According to the most recent data released by Statistics Canada on Friday, the Canadian economy added 230,700 jobs in June, compared to 68,000 job losses reported in May and estimates of +195,000. Meanwhile, Canada’s unemployment rate fell to 7.8% in June from 8.2% in May, falling short of expectations of 7.7%.
Also with the economy operating as projected, the expectation is for the BoC to slow its asset purchases this month. With a near-term recovery appearing increasingly certain, the question now is whether a consumer-led spike in demand in the second half of 2021 will exacerbate inflationary pressures. Rising housing expenses, as well as a reversal of price cuts earlier in the month (especially for energy prices), boosted headline CPI increase to 3.5 percent in April and May, compared to year-ago levels.
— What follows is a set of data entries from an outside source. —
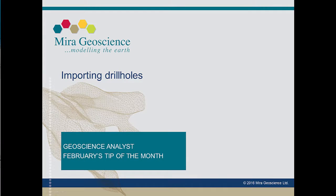Hi, I'm Shannon at Mira Geoscience. This video provides a quick introduction to drill hole importing in Geoscience Analyst.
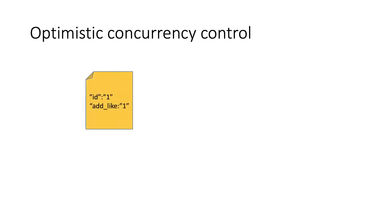In our previous example about counting the likes of a tweet, we said we would make updates to the field only once a day, maybe using an automatic process.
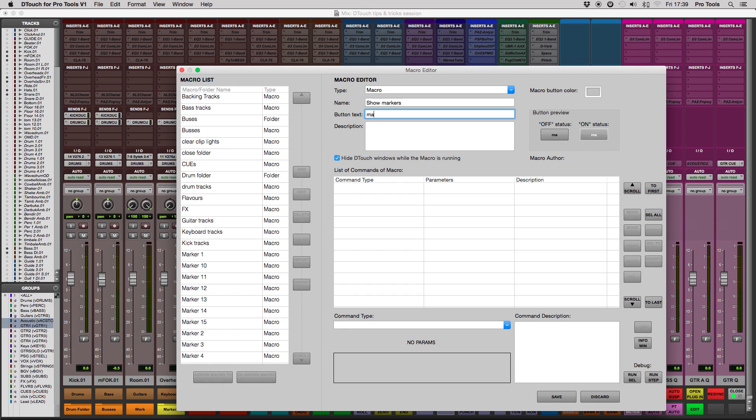If you notice your macro isn't running properly, try unchecking the Hide Dtouch windows while the macro is running button.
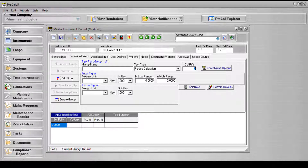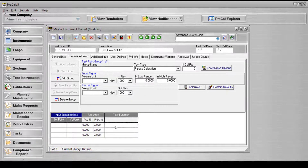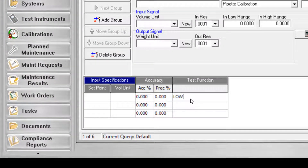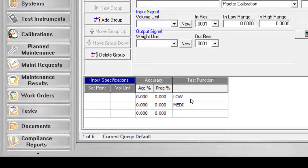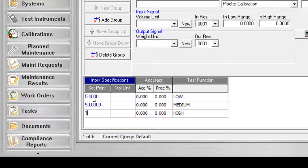Here, you can see that the number of calibration points is set to 3 and the test function column has been manually populated with low, medium, and high. The set point and accuracy rows must also be filled in manually.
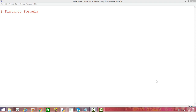Welcome to another video on Python programming. In this particular video, I am going to show you how to write a function in Python which will calculate the distance between two points on an XY plane — or simply calculating the distance between two points on a Cartesian plane. It could be a two-dimensional plane, a three-dimensional plane, a four-dimensional plane, or an n-dimensional plane and so on.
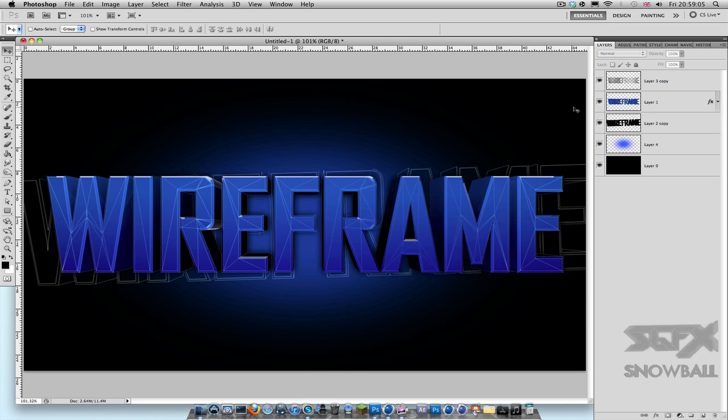Hey guys, how's it going? Snowball here, and in this tutorial I'm going to be showing you how to make this really nice looking wireframe effect.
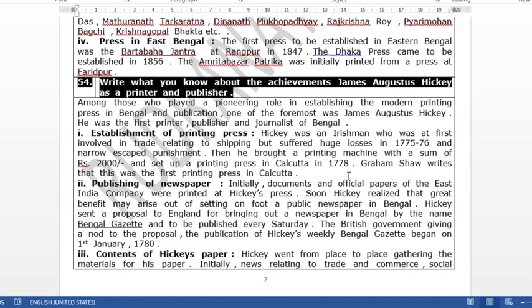When we talk about the development of the press, one person's name is very important to mention — and his name is James Augustus Hickey. Because from James Augustus Hickey's hands, India's first newspaper came to be published. James Augustus Hickey was originally from Ireland.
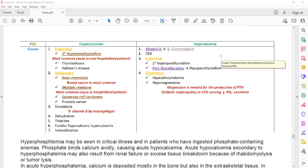To summarize, the causes of hypercalcemia fall into two categories: endocrine causes — primarily hyperparathyroidism — and malignancy, including breast cancer, prostate cancer, multiple myeloma, and squamous cell carcinoma. Sarcoidosis can also cause hypercalcemia due to increased synthesis of the active form of vitamin D by macrophages. The other less common causes are not important to remember for the exam.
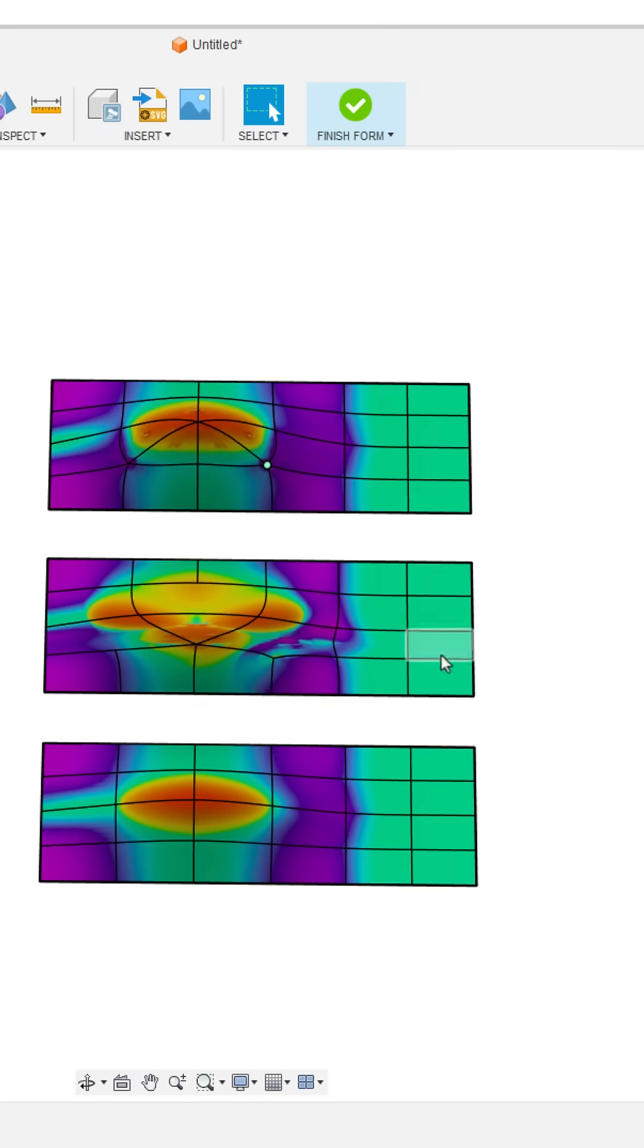So at the end of the day, we want to aim for four-sided faces whenever possible, and if we end up needing to have N-gons or triangular patches, stick them in the flattest area possible away from high changes in curvature.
The Dollar and Yen Could Weaken Again
The atmosphere in the market improved ahead of the weekly close, with the dollar falling against most of its major counterparts. The best performer was the pound, while the poorest performer was the yen. After issuing yet another state of emergency for Tokyo over the weekend, Japan’s top government spokesperson said the country is ready to pour more money into the economy to cushion the pain of a prolonged pandemic.
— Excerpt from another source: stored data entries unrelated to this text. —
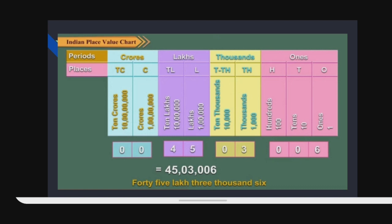4 into ten lakhs = 40 lakhs. 5 into 1 lakh = 5 lakhs. So 40 lakhs plus 5 lakhs equals 45 lakhs, 3006.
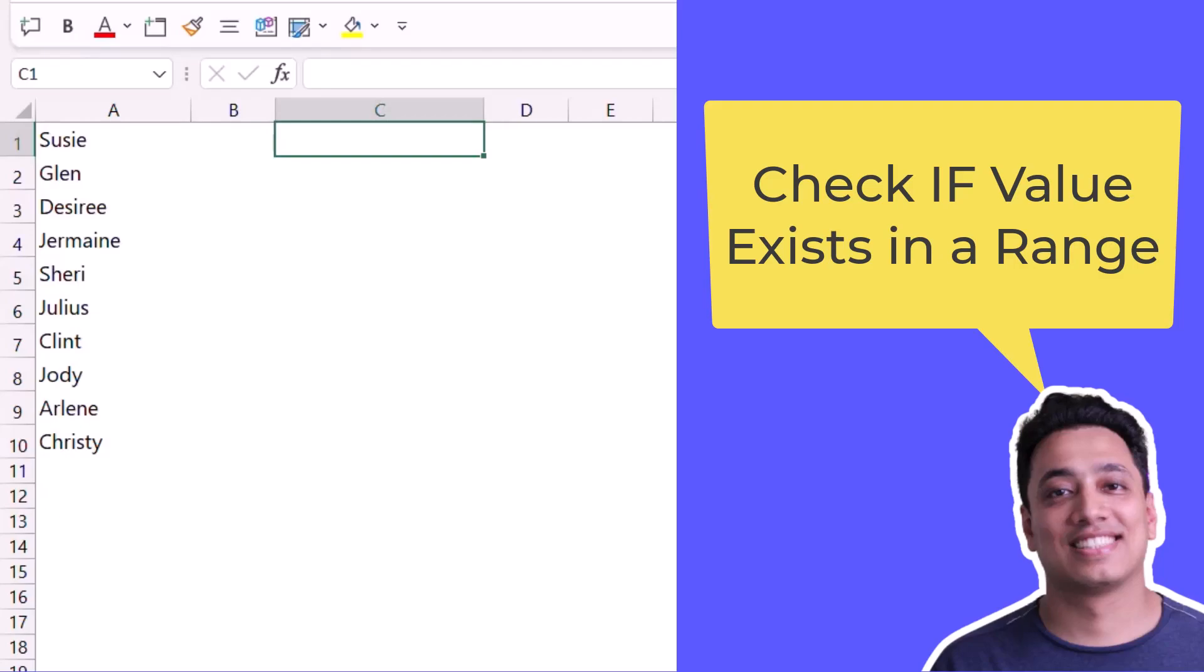Here I have a few values in column A and I want to check if a particular value is in this list of values or not. For this I'll use two different functions: IF and COUNTIF.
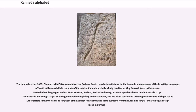The Kannada script is an Abugida of the Brahmic family, used primarily to write the Kannada language, one of the Dravidian languages of South India, especially in the state of Karnataka. Kannada script is widely used for writing Sanskrit texts in Karnataka.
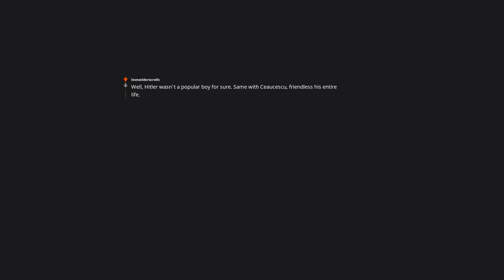Well, Hitler wasn't a popular boy for sure. Same with Ceausescu, friendless his entire life. Stalin was beaten by his father. And it goes on and on. Well, Hitler wasn't a popular boy for sure. This displeased his father, who punished him severely.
Last week, market bears had several opportunities to test a negative turnaround, riding on topics such as the Federal Reserve’s tapering, the spread of Delta variations, and China’s crackdown on its technology firms, as well as overseas IPOs. Despite the volatility, the optimists refused to give up and propelled US indexes to new record closes. The tussle should be over in no time.
But, for the time being, it appears that the bulls have the upper hand. This leads many to the observation that, while the Yen and Swiss Franc closed the day as the strongest, the late selloff suggests that the short-term trends are already turning.